Young Woman in a Red Shawl, ca. 1917–1923
 
The Convalescent (ca. 1923–24), one of ten versions she painted of this composition
 
Girl with a Cat, between 1918 and 1922, Metropolitan Museum of Art

In 1916, John wrote in a letter: "I think a picture ought to be done in 1 sitting or at most 2. For that one must paint a lot of canvases probably and waste them."[42] Her surviving oeuvre is comparatively small, comprising 158 known oil paintings[43] which rarely exceed 24 inches in height or width. The majority are portraits, but she also painted still lifes, interiors and a few landscapes. She wrote, "...a cat or a man, its the same thing ... its an affair of volumes ... the object is of no importance."[30] Although she lived in France from the age of 28 until she died, her work always displayed a British sensibility.[11]

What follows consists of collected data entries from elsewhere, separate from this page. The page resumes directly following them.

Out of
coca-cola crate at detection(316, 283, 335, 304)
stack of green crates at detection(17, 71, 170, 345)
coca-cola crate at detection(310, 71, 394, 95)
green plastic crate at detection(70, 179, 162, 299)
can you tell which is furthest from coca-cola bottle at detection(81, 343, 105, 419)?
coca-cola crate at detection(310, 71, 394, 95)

Her early paintings, such as the Portrait of the Artist's Sister Winifred (ca. 1897–98) and Dorelia in a Black Dress (1903–04), are painted using thin glazes in the traditional manner of the old masters. Beginning with her series of paintings of Mère Poussepin (ca. 1913), her style is characterised by thicker paint applied in small, mosaic-like touches.[44] It became her habit to paint the same subject repeatedly. Her portraits are usually of anonymous female sitters seated in a three-quarter length format, with their hands in their laps. One of her models, Jeanne Foster, wrote of John: "She takes down my hair and does it like her own ... she has me sit as she does, and I feel the absorption of her personality as I sit".[32]

John's drawings number in the thousands.[45] In addition to studio work, she made many sketches and watercolours of women and children in church. Unlike her oil paintings of solitary women, these sketches frequently depict their subjects from behind, and in groups. She also made many sketches of her cats. Aside from two etchings she drew in 1910, she made no prints.[27]

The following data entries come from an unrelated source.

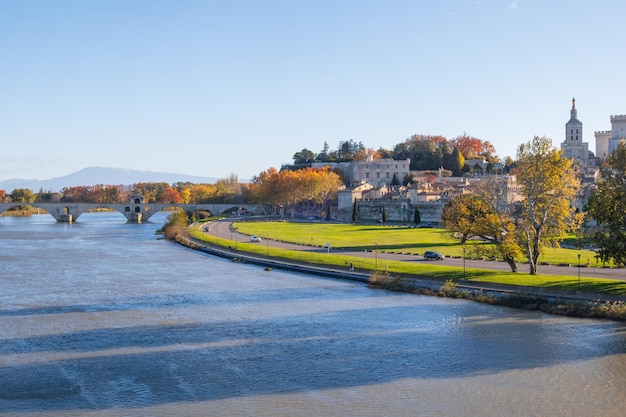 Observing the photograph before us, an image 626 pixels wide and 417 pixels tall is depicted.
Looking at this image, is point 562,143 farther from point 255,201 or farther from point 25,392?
point 25,392

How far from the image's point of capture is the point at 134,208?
144m

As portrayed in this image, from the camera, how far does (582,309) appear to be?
29.6 m

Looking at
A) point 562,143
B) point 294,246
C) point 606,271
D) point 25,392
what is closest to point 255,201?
point 562,143

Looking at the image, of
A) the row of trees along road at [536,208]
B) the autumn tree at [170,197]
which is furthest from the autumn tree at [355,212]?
the autumn tree at [170,197]

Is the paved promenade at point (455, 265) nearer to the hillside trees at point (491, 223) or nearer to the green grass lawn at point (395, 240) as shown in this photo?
the green grass lawn at point (395, 240)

Her notebooks and letters contain numerous personal formulae for observing nature, painting a portrait, designating colors by a system of numbers, and the like. Their meaning is often obscure, but they reveal John's predilection for order and the lasting influence of Whistler, whose teaching emphasised systematic preparation.[46]

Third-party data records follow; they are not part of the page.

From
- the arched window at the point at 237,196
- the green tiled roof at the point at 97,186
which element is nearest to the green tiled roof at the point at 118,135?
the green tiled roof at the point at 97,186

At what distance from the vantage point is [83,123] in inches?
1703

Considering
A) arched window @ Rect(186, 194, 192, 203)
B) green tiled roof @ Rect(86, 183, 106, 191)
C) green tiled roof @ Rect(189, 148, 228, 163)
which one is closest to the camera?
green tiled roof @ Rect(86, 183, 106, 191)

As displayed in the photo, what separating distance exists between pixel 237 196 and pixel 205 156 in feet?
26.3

Gwen John's art, in its quietude and its subtle colour relationships, stands in contrast to her brother's far more vivid and assertive work. Though she was once overshadowed by her popular brother, critical opinion now tends to view Gwen as the more talented of the two.[47] Augustus himself had predicted this reversal, saying "In 50 years' time I will be known as the brother of Gwen John."[48]

Sexuality

Throughout her life John was attracted to people of both sexes. As a student she had an affair with fellow artist Ambrose McEvoy. Although Auguste Rodin was her great love, she had a number of same-sex relationships. While at Slade she developed a passion for an unnamed woman, which her brother Augustus describes in his autobiography Chiaroscuro; and while walking to Paris with Dorelia McNeill, she developed a passion for a married girl, who then followed them to Paris. It has been suggested that John had romantic feelings for McNeill. Rodin, who had a sexual relationship with his assistant Hilda Flodin,[20] drew erotic drawings of Flodin and John together. The German painter Ida Gerhardi fell in love with John but it was not reciprocated. John's last passion was Véra Oumançoff, for whom she developed an obsession, much to the discomfort of Véra.[49][50]

Legacy

John's pictures are held in many public collections. Some of the best examples are in the National Museum Cardiff and in Tate Britain, London.[51]

Still Lives, by Candida Cave, is a three-woman play about Gwen, Ida (Augustus John's wife) and Dorelia (Augustus John's mistress).

An art mystery novel The Gwen John Sculpture, by John Malcolm, features her stay in Meudon, France and her relationship with Rodin.

An S4C documentary presented by Ffion Hague about Gwen John's life included filming of the unveiling of a memorial plaque to the artist in Dieppe's Janval Cemetery in 2015.[40]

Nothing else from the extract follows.